--- START ---
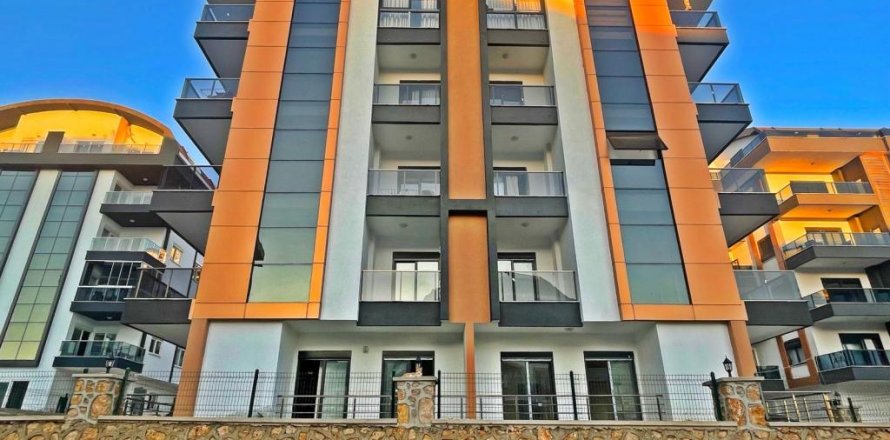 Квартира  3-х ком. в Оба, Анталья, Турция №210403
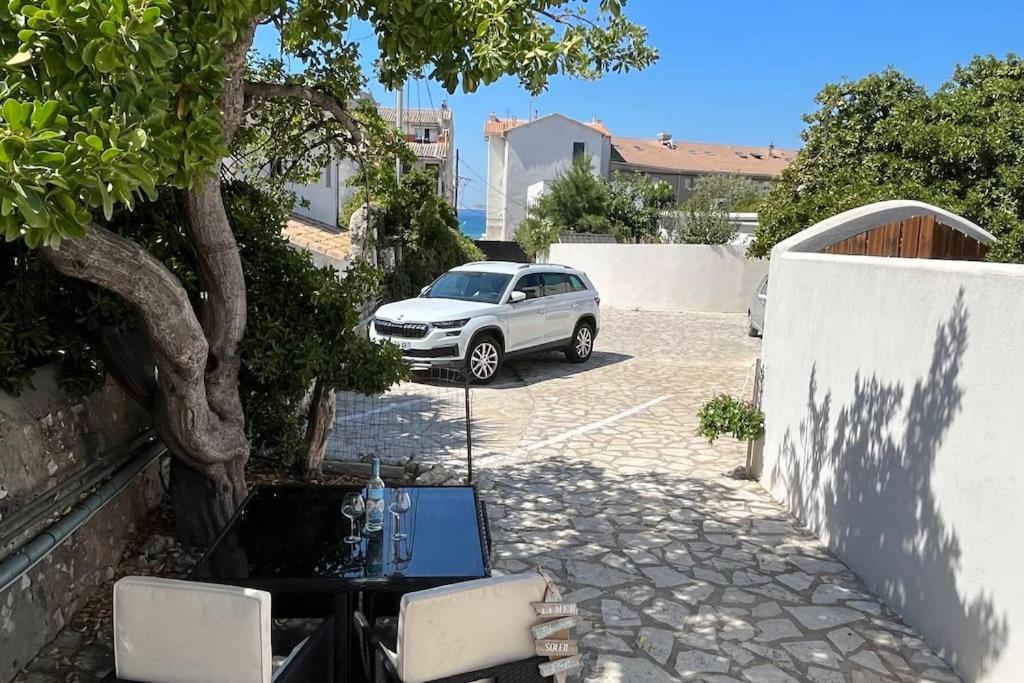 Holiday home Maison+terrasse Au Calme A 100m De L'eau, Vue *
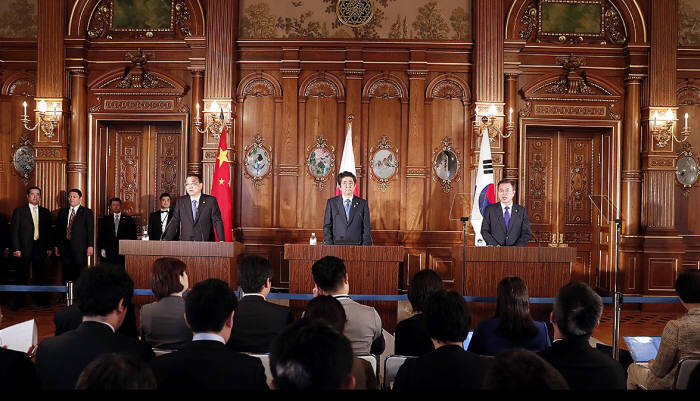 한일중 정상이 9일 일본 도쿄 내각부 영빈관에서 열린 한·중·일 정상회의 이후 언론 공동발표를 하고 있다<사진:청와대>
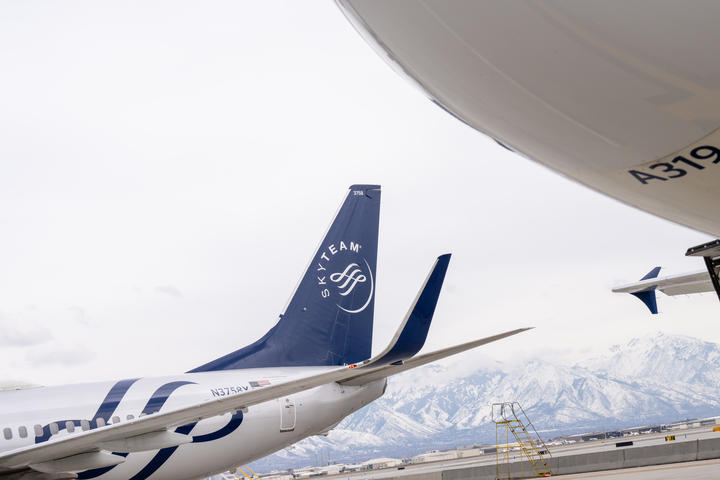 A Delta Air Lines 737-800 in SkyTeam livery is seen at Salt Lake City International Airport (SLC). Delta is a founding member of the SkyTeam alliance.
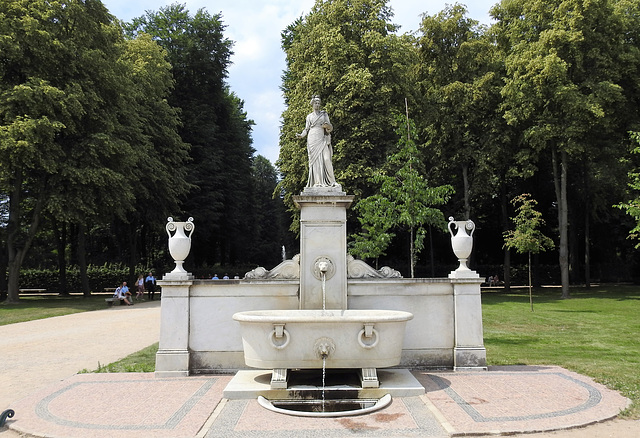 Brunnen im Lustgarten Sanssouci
--- END ---
Give the listing again word for word, without its images.

• [Result of this exercise]
 Квартира  3-х ком. в Оба, Анталья, Турция №210403
 Holiday home Maison+terrasse Au Calme A 100m De L'eau, Vue *
 한일중 정상이 9일 일본 도쿄 내각부 영빈관에서 열린 한·중·일 정상회의 이후 언론 공동발표를 하고 있다<사진:청와대>
 A Delta Air Lines 737-800 in SkyTeam livery is seen at Salt Lake City International Airport (SLC). Delta is a founding member of the SkyTeam alliance.
 Brunnen im Lustgarten Sanssouci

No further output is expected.